Task to carry out:
In the data below, find the line that contains "Silvery bolts and" and the line that contains "Strellux brass linear". Copy both, plus every line between them, exactly.

Information:
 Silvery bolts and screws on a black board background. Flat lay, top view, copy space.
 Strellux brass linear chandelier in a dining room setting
* * *
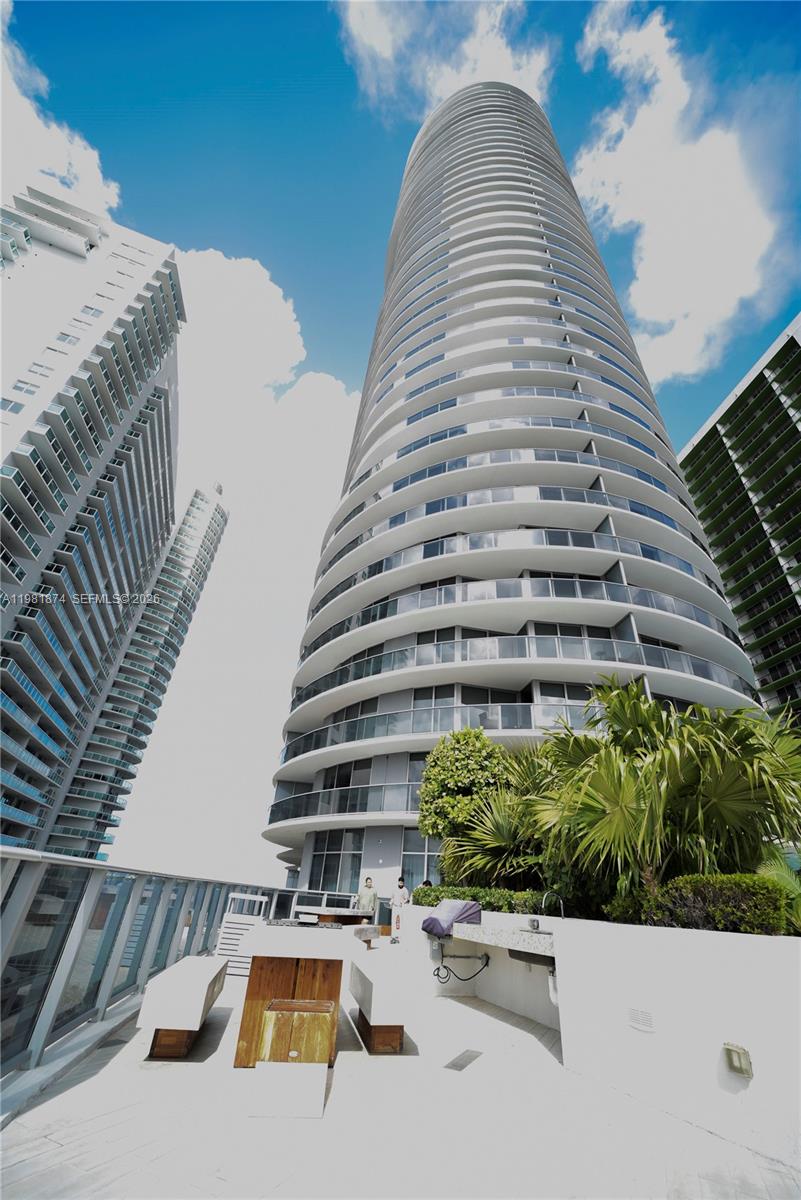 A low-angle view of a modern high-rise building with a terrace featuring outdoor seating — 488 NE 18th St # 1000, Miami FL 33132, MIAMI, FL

Result of the exercise:
 Silvery bolts and screws on a black board background. Flat lay, top view, copy space.
 Strellux brass linear chandelier in a dining room setting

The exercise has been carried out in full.